JC / Railbird

Monzante’s Legacy

It’s been more than a week since the Louisiana Racing Commission concluded its investigation into the death former Grade 1 winner Monzante at Evangeline Downs in a $4,000 claiming race on July 20, determining that all regulations and safeguards had been followed and that there was no action to take. The furor that followed his euthanization, which began subsiding as details of Monzante’s circumstances and final injury became known, has abated.

But Monzante’s fate still reverberates. Sometimes explicitly, as in Esther Marr’s OTTB Spotlight on Sandburr, retired at 10 when he became uncompetitive at the $25,000 claiming level, and sometimes quietly in the thoughts of those for whom he became a symbol of the holes in racing’s safety net.

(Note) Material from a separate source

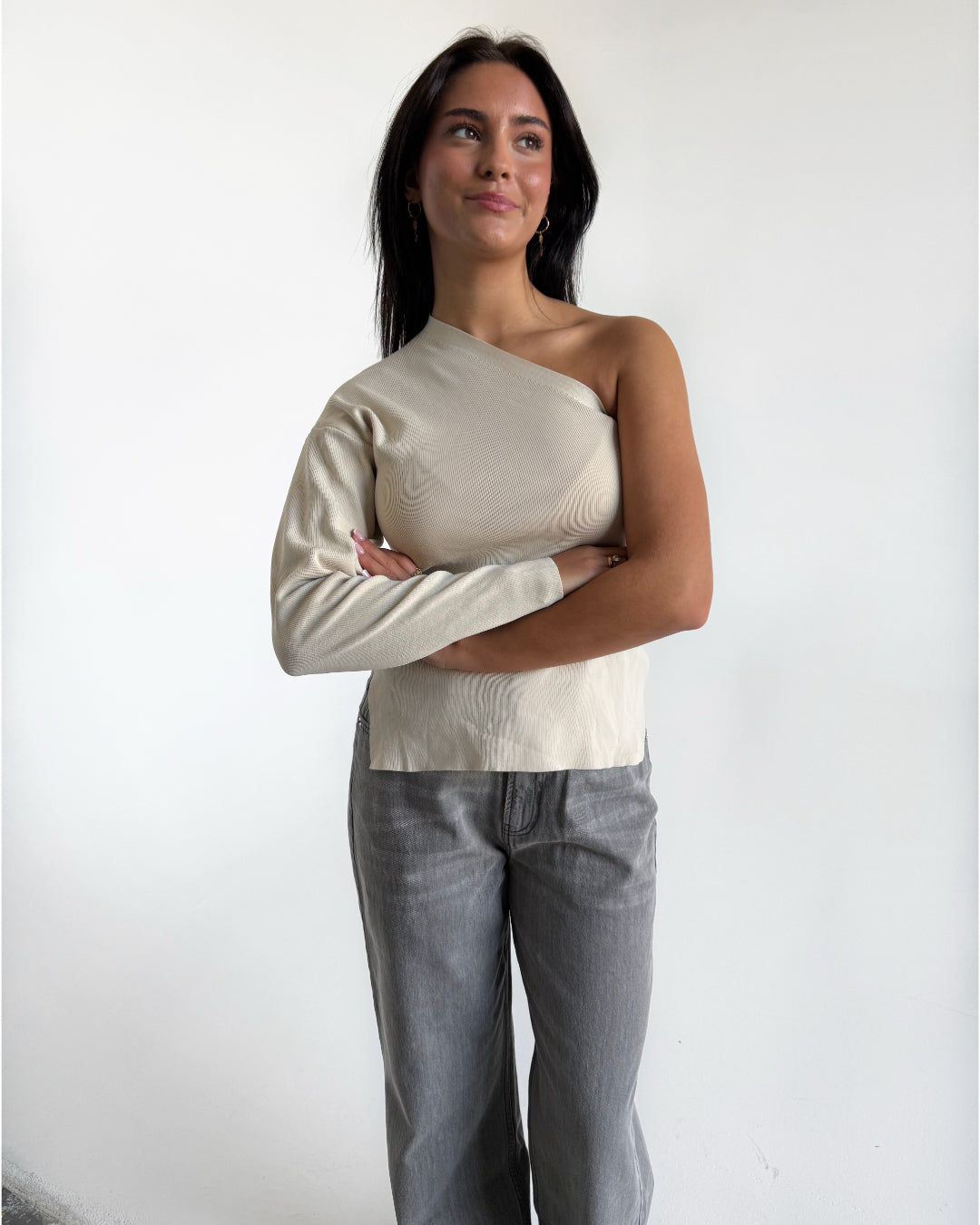 Modelfoto af pige i cremefarvet COLLINS one-shoulder, samt grå NANNA jeans. Alt er fra BySofieSønderby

He crossed my mind while reading Jay Hovdey’s column about the 1973 Whitney, which ends with trainer Allen Jerkens reminiscing about the retirement of Onion:

“We gave him the whole year off and then brought him back, and he won a couple of races, for $25,000 or something like that. We never ran him real cheap. Eventually he went to the owner’s farm, where he had a nice field with all the other old geldings. He lived to be 26.”

We never ran him real cheap … he lived to be 26. An echo across decades, of the decisions that humans make, and the consequences that horses bear.